Sin embargo, los factores en los que se asienta la popularidad de Turquía parecen estar en cuestión. La democracia turca ha hecho grandes progresos, pero hay señales preocupantes que provienen no solo de los militares, sino de la judicatura y del propio Gobierno. Turquía mantiene a 57 periodistas en prisión, más que ningún otro país del mundo. En Internet no solo se ha llegado a limitar el acceso a páginas como Youtube, sino que el Gobierno sigue empeñado en instalar un filtro para todos los usuarios, al estilo chino. El proceso por el supuesto intento golpista Ergenkon ha derivado en caza de brujas entre militares, hombres de negocios y personalidades críticas. Ha vuelto la violencia al conflicto kurdo, con un centenar de muertos. El AKP revalidó en julio su mayoría tras una campaña sucia y tensa, aunque no consiguió escaños suficientes para poder reformar la Constitución. Erdogan y su partido no son islamistas radicales, pero sus credenciales democráticas no están impolutas.

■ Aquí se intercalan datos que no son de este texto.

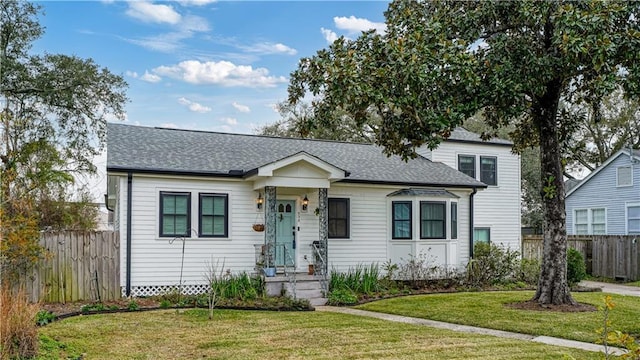 view of front of property with a front lawn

Tampoco pasa por buenos momentos la política de buena vecindad, y no solo a causa de la situación en Siria. Las relaciones con Israel están en el peor punto en años. En menos de un mes, Erdogan amenazó con utilizar su marina para proteger a los barcos con ayuda humanitaria a Gaza y para defender a los barcos que efectúen prospecciones de gas en el mar al norte de Chipre, a la par que se reactiva el conflicto con Grecia sobre la soberanía territorial en el Mediterráneo occidental. De cero problemas con los vecinos se ha pasado a una retórica inflamatoria. Con las negociaciones con la UE estancadas (y Chipre presidirá la UE a partir de julio 2012), la pérdida de aliados y las turbulencias en Oriente Próximo, el ascenso de Turquía a potencia regional no se hará sin fricciones.

El proceso de adhesión a la UE está, en buena medida, en la base de los éxitos turcos, tanto en reforma política como en economía (dos tercios de la inversión extranjera provienen de la UE). Por eso sería un error que el gobierno del AKP, embriagado por los elogios de los que presentan a Turquía como modelo y por el éxito económico, girase la espalda a Europa y, sobre todo, a las reformas para centrarse en aventuras inciertas en Oriente Próximo, el Cáucaso y Asia Central. La Europa ensimismada y en crisis, con líderes empeñados en rechazar a Turquía, no parece ahora mismo la máxima aspiración para este país en ascenso. Pero el atractivo del modelo turco, su validez no solo para el mundo árabe sino para Estados como Azerbaiyán o Pakistán, viene precisamente de su acercamiento al modelo europeo. Si los avances democráticos se revierten, Turquía aparecerá, cada vez más, como una potencia regional ávida de poder y de negocios, una versión musulmana de la vecina Rusia de Putin.